El primer paso era estirar las paredes laterales. Uno estira, la otra estira y yo concentrándome a ver qué me pasaba ahí. De momento, ni dolía ni me gustaba. Sin más.

Luego medias lunas arriba y abajo. La una, el otro y yo pensando que ya debía tener eso de 8 centímetros. Nada. ¿No te duele? Nada ¿Te molesta? Nada. Siempre he pensado que soy bastante insensible y la fisio lo estaba comprobando.

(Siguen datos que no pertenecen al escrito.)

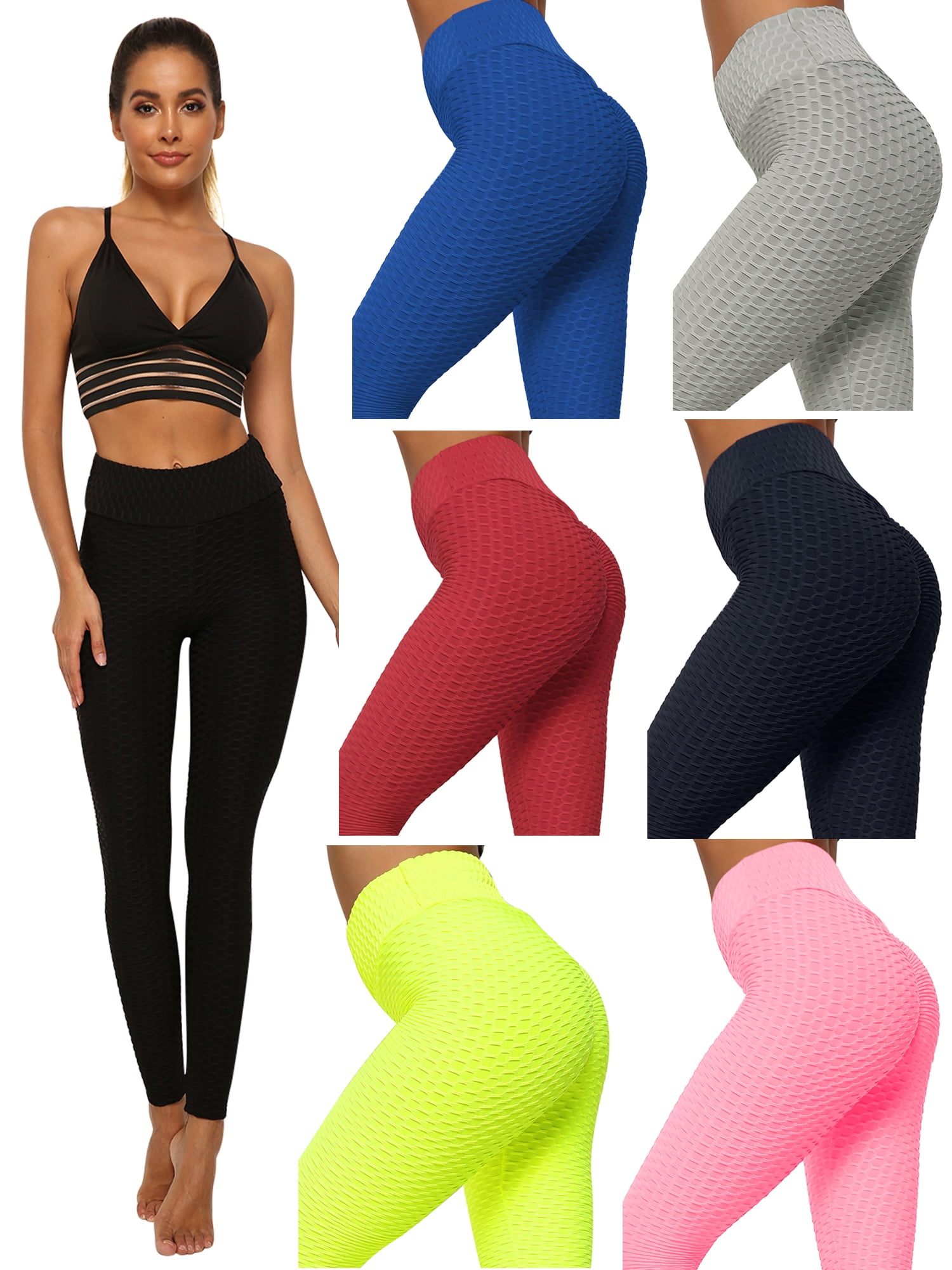 Sapphire red leggings Clearance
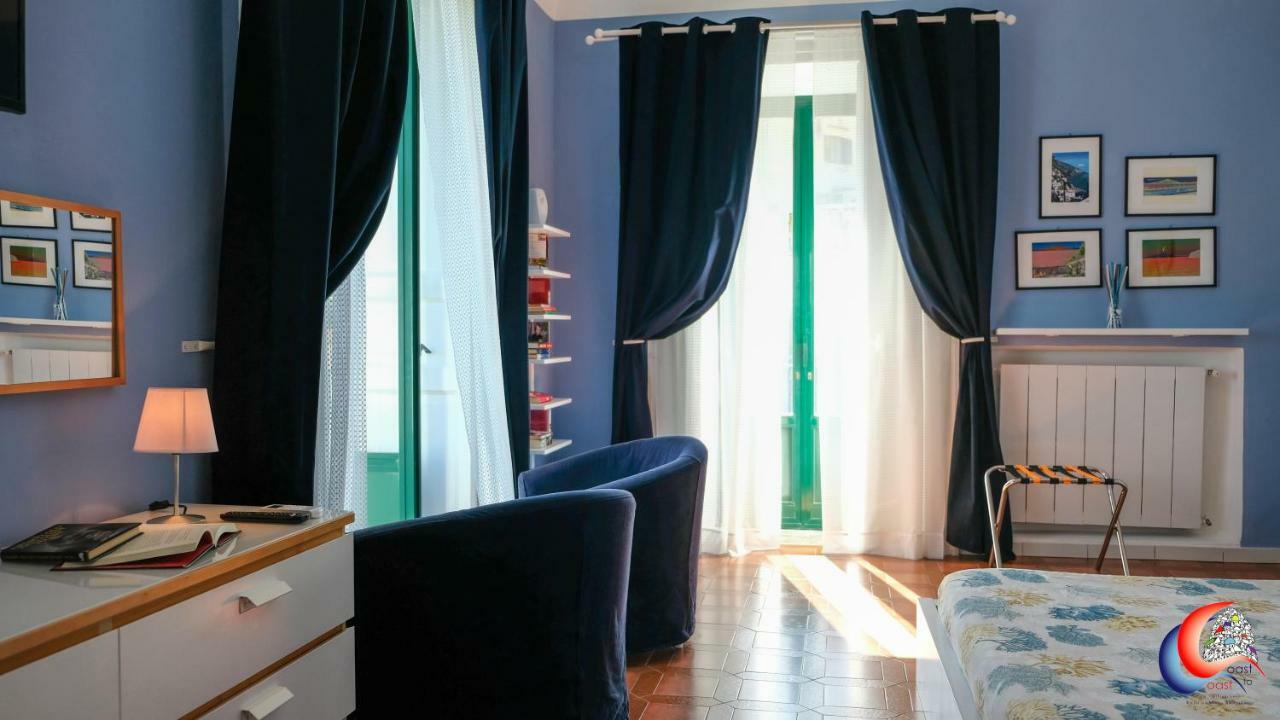 Aretusa Resort Amalfi Coast Vietri Εξωτερικό φωτογραφία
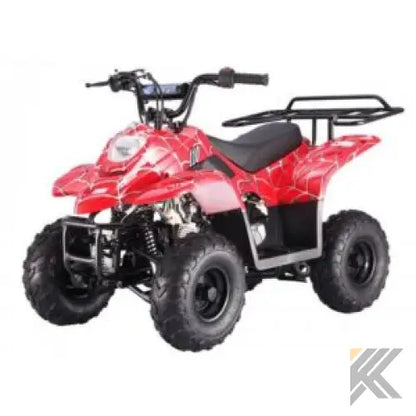 Tao Tao B110 Children's ATV, 4-Stroke 110cc Kryptex Golf Carts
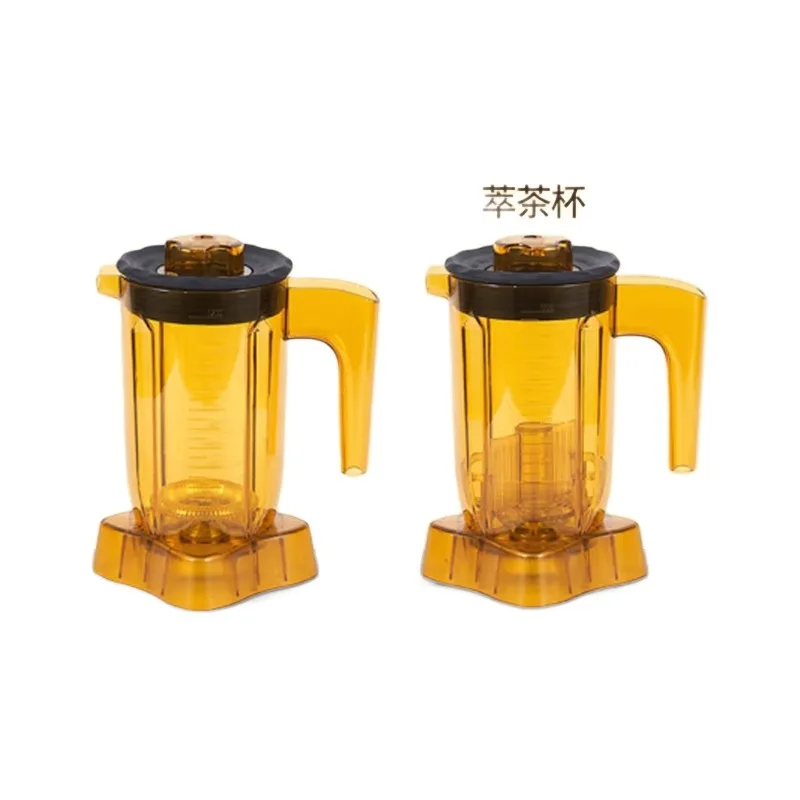 

Commercial smoothie machine tea milk cover cup thickened universal milk cover tea can be wholesale with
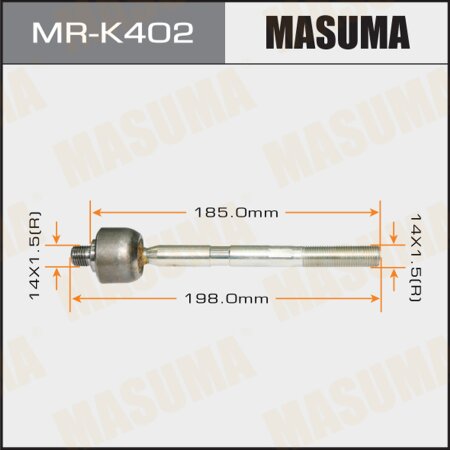 Rack end Masuma, MR-K402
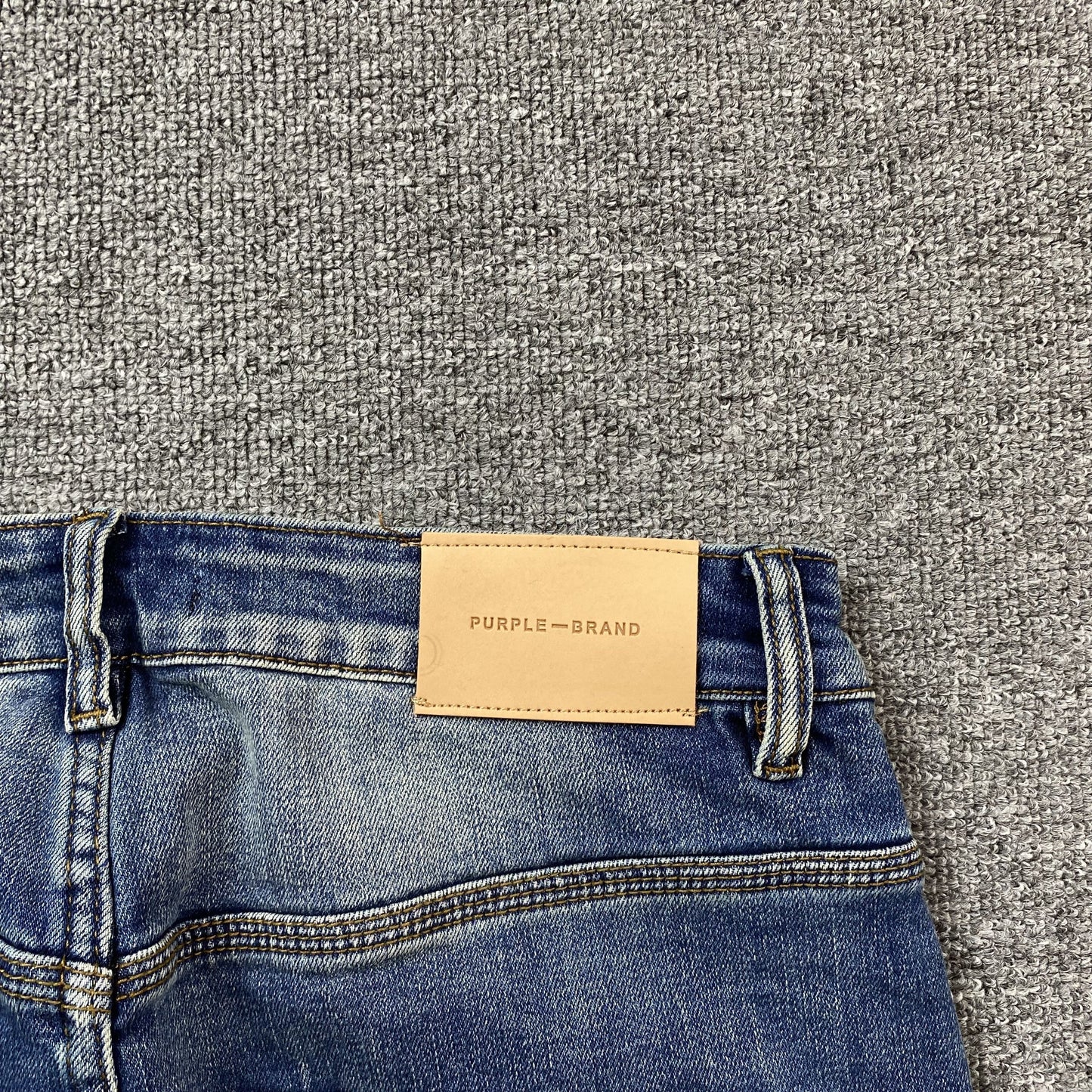 Jeans slim Purple Brand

Cuando acabamos la clase práctica, María se despidió de nosotros y volvimos a casa como si nada. No había sido para tanto, la verdad.

Eso sí, la primera vez que lo hicimos en casa vimos que era más divertido. Lo primero fue ir en busca del lubricante específico que nos había mandado. Cuando ya lo teníamos, después de la ducha, nos pusimos a ello.

Para no ir tan al grano, disimulé y me puse el pijama. Luego sin la parte de abajo, mi marido empezó con su cara de técnico más exhaustivo el masaje. Todo muy “a lo María”: ¿Te duele? Ahora ascendente… Ahora, media luna… Y claro, en nuestro caso, como no me dolía nada, como todo buen masaje, necesitábamos un final feliz.